During the failed investiture debate, Pedro Sánchez promised to promote a new Universities Act [Ley Orgánica Universitaria] with the consensus of the education community and the Spanish regions. For the CCS, the two pillars which must be upheld by this reform are “a new model of university governance equivalent to those within the European Higher Education Area, and the necessary improvement of the financing system”.
The president of the CCS insisted that “we cannot limit ourselves to mere modifications. We need to undertake comprehensive changes which are genuinely transformative and which allow Spanish universities to be an authentic motor for economic growth and social wellbeing in the digital world of our time”.
In September of last year he issued a communiqué in the lower house of the Spanish parliament along with the CRUE [Conference of Rectors of Spanish Universities] and social stakeholders.
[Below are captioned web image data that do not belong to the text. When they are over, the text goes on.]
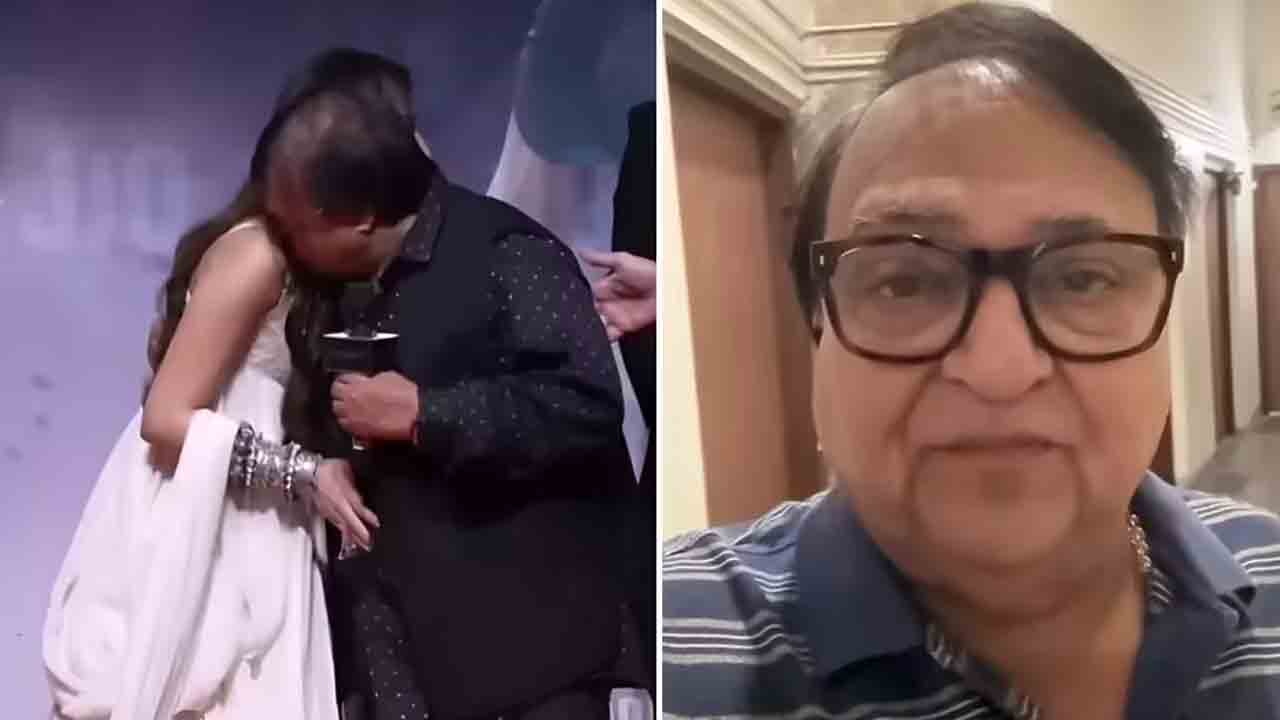 Bollywood Controversy | ఆ ముద్దు వెనుక ఉంది తండ్రి ప్రేమ మాత్రమే.. నెటిజన్ల విమర్శలకు రాకేశ్ బేడీ కౌంటర్!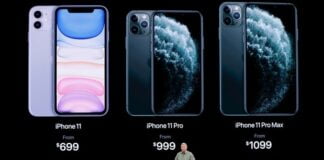 iPhone 11: svelate tutte le novita dei nuovi 3 device apple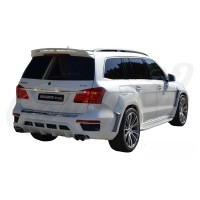 Спойлер "BRABUS WIDESTAR" (Mercedes GL-Klasse (X166))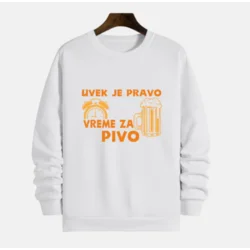MAFIMI Duks Uvek je pravo vreme za pivo, Beli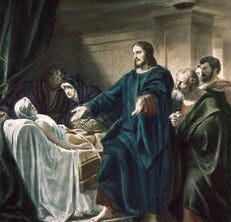 Jesus Resurrects Girl - GoodSalt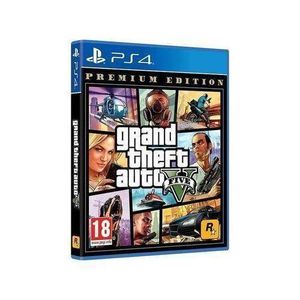 Sony  GRAND THEFT AUTO 5 (GTA) - PS4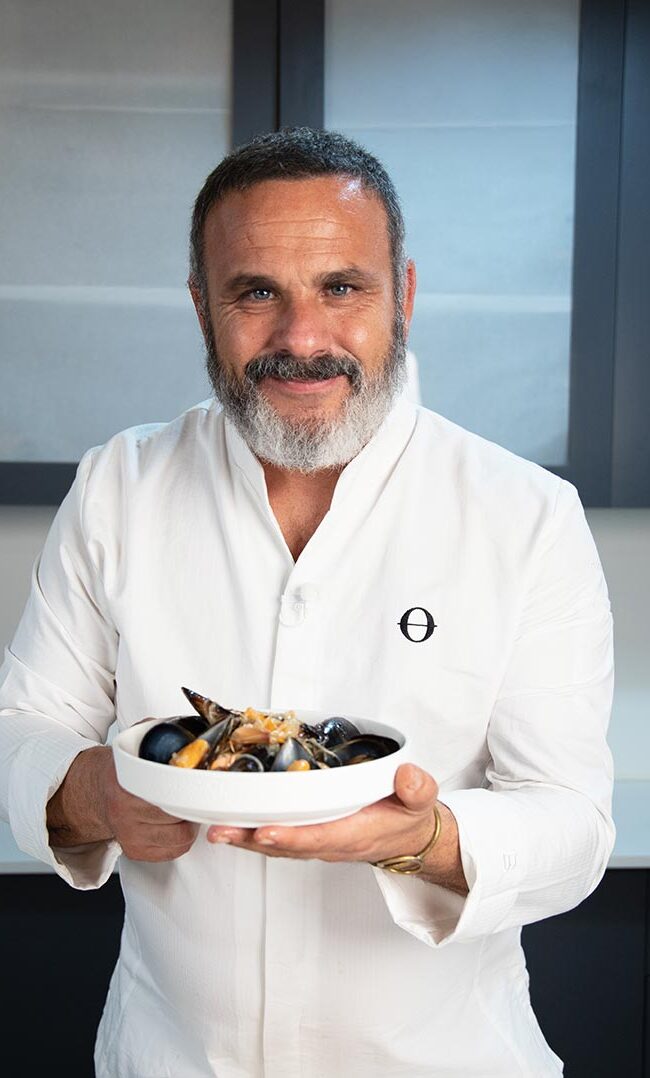 Mejillones en escabeche: Receta de Ángel León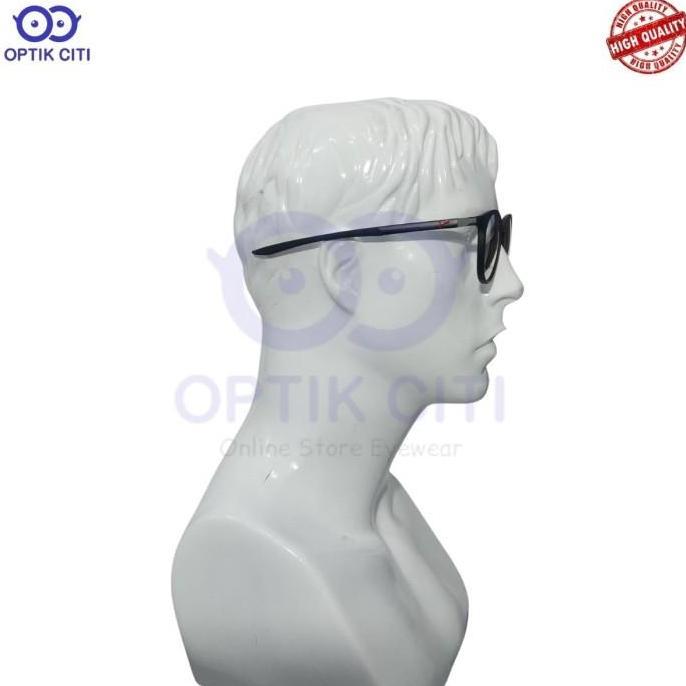 New  Frame Kacamata Pria Wanita Bulat Sporty Ada Pegas  5467 High Quality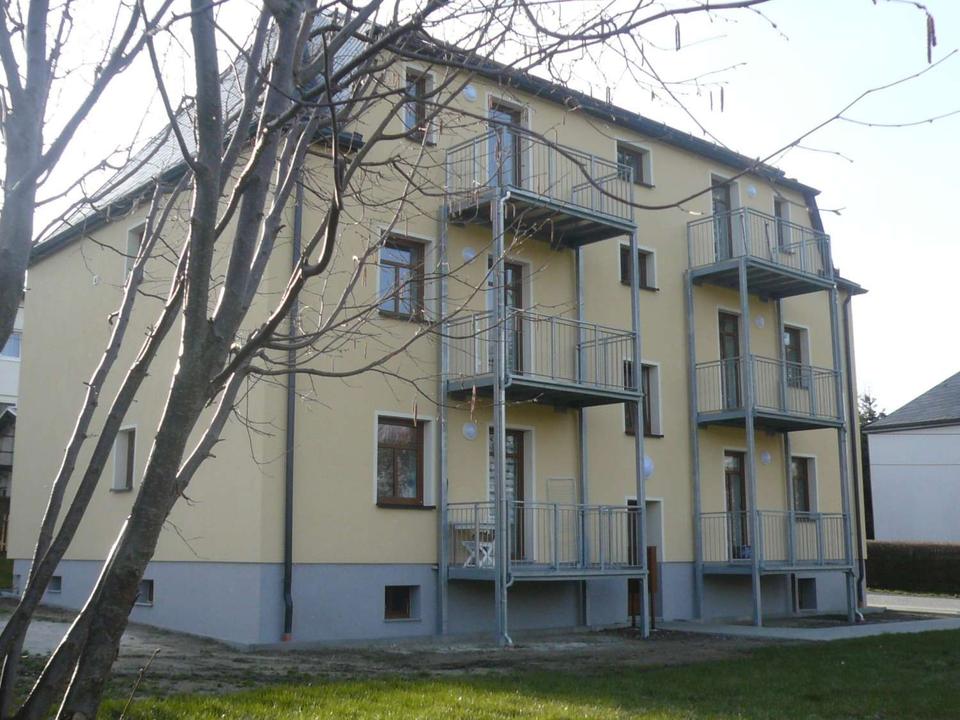 Thumbnail-sonnige 3-Raum-Maisonette in ruhiger Lage im Grünen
In this communiqué they called for political representatives to make Spanish universities one of their strategic priorities and to promote a new Universities Act with the support of a wide ranging social and political consensus, enshrined in a major national agreement.
In November, the CCS General Assembly approved the “Maspalomas Manifesto”, warning of “the serious risk we run if these vital reforms are not urgently undertaken”, while also appealing to “the courage, the generosity and the great intentions of our policy makers, so that this appeal does not fall on deaf ears”.
The CCS has set out a number of priorities in a proposal supported by the structural reforms carried out by members of the European Union over the past two decades and enumerated in a joint project undertaken by the Spanish Chamber of Commerce and the Fundación CYD [Spanish Knowledge and Development Foundation]. These priorities are: the need to raise awareness within Spanish society as to the importance of education, to promote structural reforms to the university governance model, to increase public and private funding for universities, and to foster the employability of students through the increased excellence of the education system and through public-private sector cooperation.